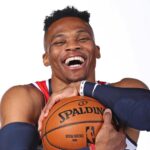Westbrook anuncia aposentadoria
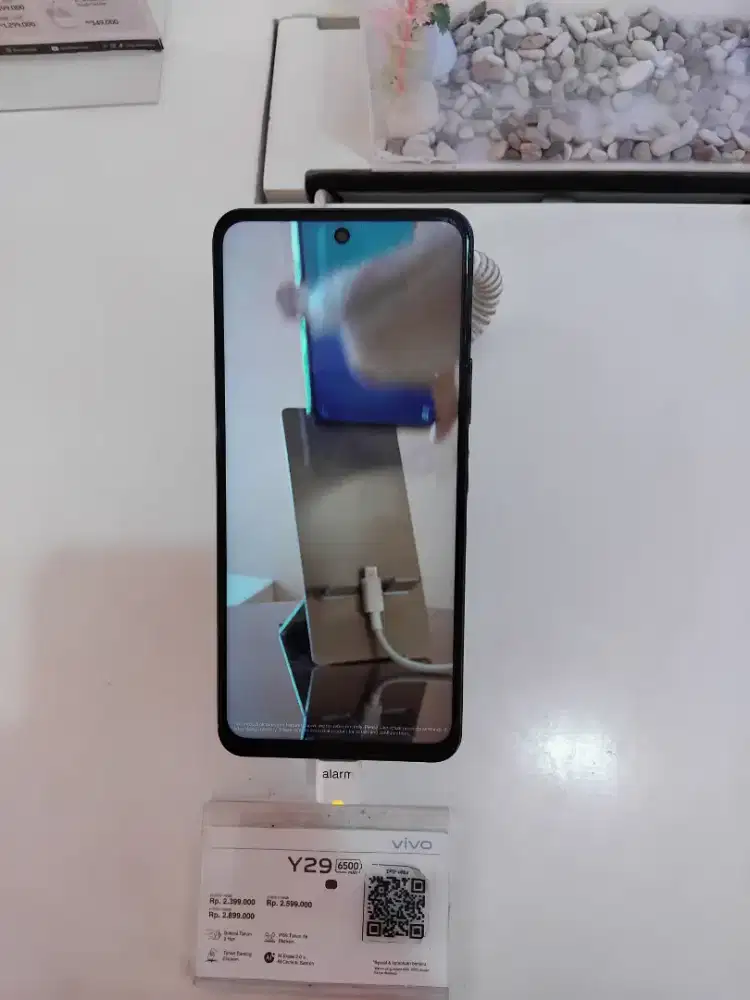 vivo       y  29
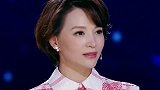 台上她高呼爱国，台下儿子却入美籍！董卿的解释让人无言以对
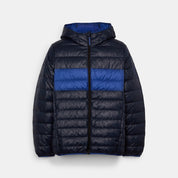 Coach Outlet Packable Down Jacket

* * *

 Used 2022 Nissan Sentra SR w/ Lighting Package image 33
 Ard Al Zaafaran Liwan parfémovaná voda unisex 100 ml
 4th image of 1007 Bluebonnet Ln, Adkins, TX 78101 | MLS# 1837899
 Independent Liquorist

--

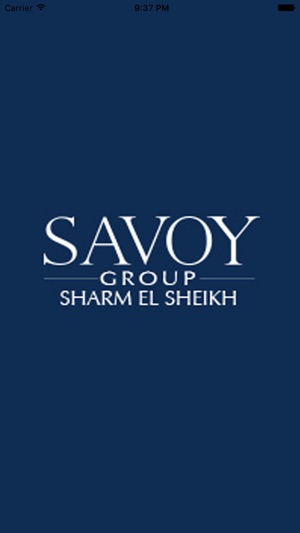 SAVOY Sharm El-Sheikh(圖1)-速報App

### What is needed
Starting at the line containing "Westbrook anuncia aposentadoria" and stopping at the line containing "Coach Outlet Packable Down Jacket", output each line exactly as it appears above. Leave out the pictures.

### Reply
Westbrook anuncia aposentadoria
 vivo       y  29
 台上她高呼爱国，台下儿子却入美籍！董卿的解释让人无言以对
 Coach Outlet Packable Down Jacket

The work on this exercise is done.